Stuey Lewis Against All Odds: Stories from the Third Grade is the follow-up to 2011’s The One and Only Stuey Lewis: Stories from the Second Grade. The new book contains four stories, each about a different episode in Stuey’s third grade year. In "Give Me Space", Stuey and his class organize a virtual field trip to the space science center where his dad works. In "First-Time Fliers", Stuey and his brother Anthony fly to their father’s for Christmas. "Queen for a Day" is about Stuey and Anthony’s attempts to make their mother feel like a queen on mother’s day, and "Best in Show" focuses on the class pet show, for which Stuey does not have an animal to share.

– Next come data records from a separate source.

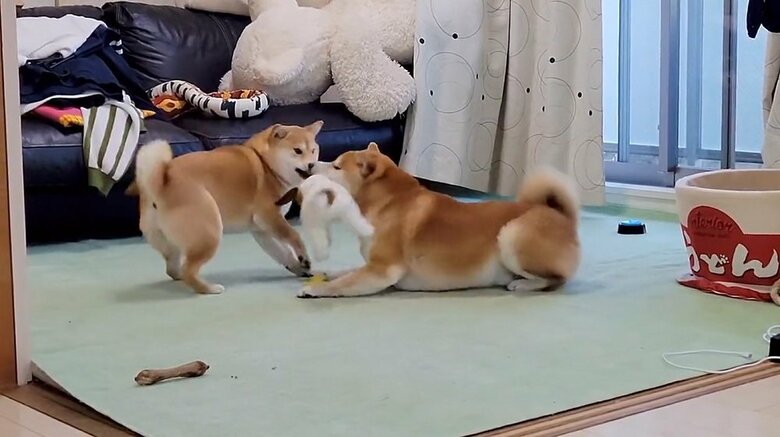 ぬいぐるみをキャッチ！
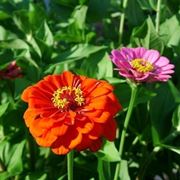 Zinnia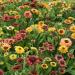 Rudbeckia Hirta Sahara Flowers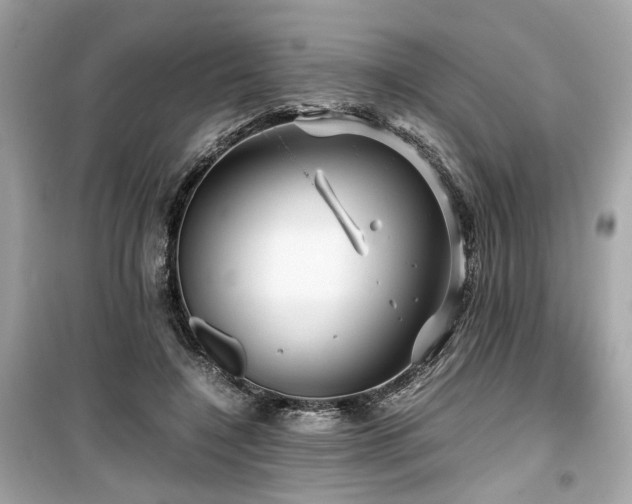 X0000099530548200805161214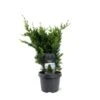 Søjle Ædelcypres 'Wisselii' Chamaecyparis Lawsoniana 'Wisselii' Potte 3,0 Liter,- 40-60 Cm. -Montoz Butik p33070 53435 chamaecyparis lawsoniana wisselii f039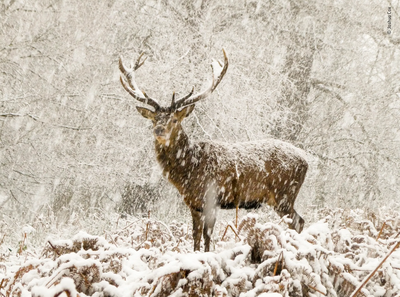 Joshua Cox's submission to Wildlife Photographer of the Year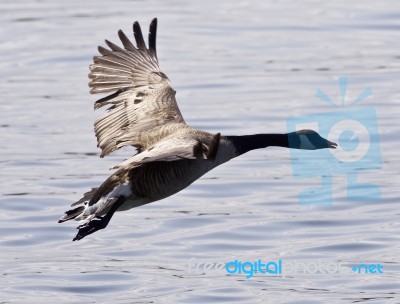 Beautiful Isolated Image With A Canada Goose Taking Off From The Water Stock Photo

The “against all odds” part of the title implies that this book will see Stuey overcoming a lot of adversity, but I don’t think that is a fair representation of what the stories actually talk about. While Stuey does sometimes have trouble with the challenges of having divorced parents, he is a pretty easygoing, upbeat character, and he never really describes his problems as overwhelming obstacles. “Against all Odds” has a nice ring to it, but I wish the book had a more engaging title, as the stories themselves do.
The writing itself is solid, and heavy on the dialogue, which is nice for kids who are intimidated or simply bored by long, descriptive paragraphs. There are quite a few characters introduced across the four stories, but each one’s personality comes through clearly in just a few spoken words. The best example of this is Lilly Stanley, whose annoying personality is illustrated using statements such as this one, where she corrects the classroom teacher, Ginger.

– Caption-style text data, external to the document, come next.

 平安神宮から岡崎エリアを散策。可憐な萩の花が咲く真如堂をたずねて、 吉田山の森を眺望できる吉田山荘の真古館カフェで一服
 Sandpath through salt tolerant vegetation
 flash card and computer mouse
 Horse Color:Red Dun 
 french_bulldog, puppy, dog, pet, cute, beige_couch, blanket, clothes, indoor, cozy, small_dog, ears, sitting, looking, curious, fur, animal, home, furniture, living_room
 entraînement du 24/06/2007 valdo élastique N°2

“You said Friday night when you meant to say Friday morning, Ginger,” Lilly interrupts. “But don’t worry, I get confused sometimes when I’m excited, too.”

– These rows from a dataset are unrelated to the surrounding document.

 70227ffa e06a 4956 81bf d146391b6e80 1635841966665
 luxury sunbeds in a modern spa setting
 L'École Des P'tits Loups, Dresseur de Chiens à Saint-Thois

It’s not just what she says, but how she says it that really fleshes out her character, even without any description written into the story.
Dialogue also keeps the plot moving forward and provides exposition and context in a straightforward, but not boring, way. I especially like the interactions between Stuey and his friend, Will, and between Stuey and his brother, Anthony.
Stuey is an authentic representation of the mind of an eight-year-old boy. He falls somewhere in the middle of the spectrum, about halfway between troublemaker characters like Calvin Coconut and Horrid Henry and worrywarts like Alvin Ho and Justin Case. Stuey Lewis Against All Odds will appeal to fans of the Stink Books, Marty McGuire, and Freckle Juice.
I borrowed Stuey Lewis Against All Odds: Stories from the Third Grade from my local public library.